Keir Starmer to signal Britain is ‘back’ on the world stage

Sir Keir Starmer will use his first weeks in power to signal that Britain is “back” as a leading global player, as Labour prioritises three foreign policy resets — with Europe, the “global south” and on climate change.

The Labour leader will be thrust on to the world stage within days of Thursday’s general election if he becomes UK prime minister as expected, with Nato’s 75th anniversary summit in Washington starting on July 9.

He will also host European leaders in the UK two weeks after the election and is expected to sign a new bilateral security deal with Germany, which EU diplomats said could be finalised as early as August.

“There’s going to be a reset for the UK on the international stage. We will be serious about our obligations, we want to play more of a leading role on the global stage, and say that we’re back,” Starmer told the Financial Times.

His expected attendance at the Nato summit alongside US President Joe Biden, the leaders of 30 other Nato nations and Ukrainian President Volodymyr Zelenskyy, will allow Starmer to stress Britain’s continuing support for Kyiv.

But the European Political Community forum hosted by the UK at Blenheim Palace in Oxfordshire will provide Starmer with an opportunity to pivot from the Conservative government’s approach to relations with the EU.

Aides said the Labour leader would use the July 18 meeting of the EPC, the 47-member organisation, to communicate his desire to put the UK back at the heart of European affairs.

They added that both meetings would provide Starmer with an opportunity to develop a narrative of “deepening involvement with EU defence and industrial co-operation” as part of UK membership of Nato, and to share ideas for a new Border Command to tackle migration.

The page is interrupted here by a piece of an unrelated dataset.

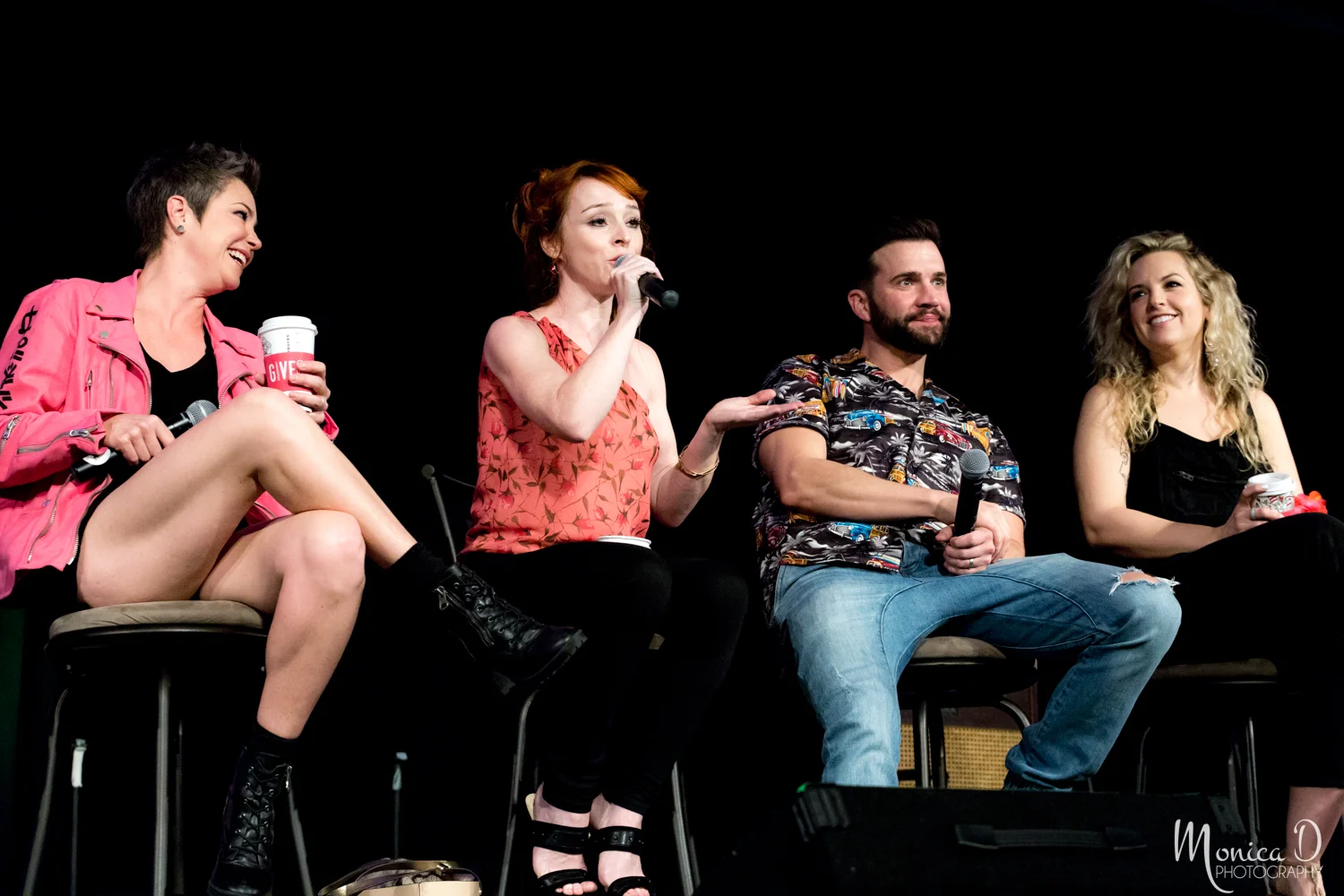 Kim Rhodes, Ruth Connell, Gil McKinney, Briana Buckmaster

Together the Nato and EPC meetings represent a “huge opportunity for an incoming prime minister to make their mark on the top table”, according to Lord Peter Ricketts, former chief mandarin at the Foreign Office.

Labour leader Keir Starmer meets Ukrainian President Volodymyr Zelenskyy at the D-Day celebrations in France in June
Keir Starmer with Ukrainian President Volodymyr Zelenskyy at the D-Day celebrations in France in June © Labour Party

Two senior EU diplomats said Starmer could sign a new UK-Germany bilateral security co-operation deal — akin to the Lancaster House treaties agreed between France and the UK — within weeks of taking office. A Labour official also confirmed the plan.

One of the diplomats said a visit to Berlin by the new UK prime minister had been pencilled in as early as August. German chancellor Olaf Scholz heralds from the same socialist democratic political tradition as UK Labour. Starmer’s party has also singled out Ireland and Poland as two nations in Europe with which it wants to deepen ties.

Alongside retooling the UK’s relationship with the EU, Labour has indicated it would pursue two other foreign policy priorities in its first 100 days of government.

David Lammy, shadow foreign secretary, told the FT: “Our foreign policy would begin with three resets — with Europe, on climate and with the global south.”

The focus on climate action would centre on building an international “clean power alliance” to accelerate the “energy transition”, in step with the party’s plans to create new green jobs at home.

Labour officials said Lammy, if he becomes foreign secretary, is expected to undertake a new pace of engagement with, and travel to, Africa, Latin America and the Caribbean, collectively known as the global south.

The foreign secretary’s schedule for the first 100 days also includes the UN General Assembly in September, the Asean summit in October and, if the timings can be agreed, a trip to India.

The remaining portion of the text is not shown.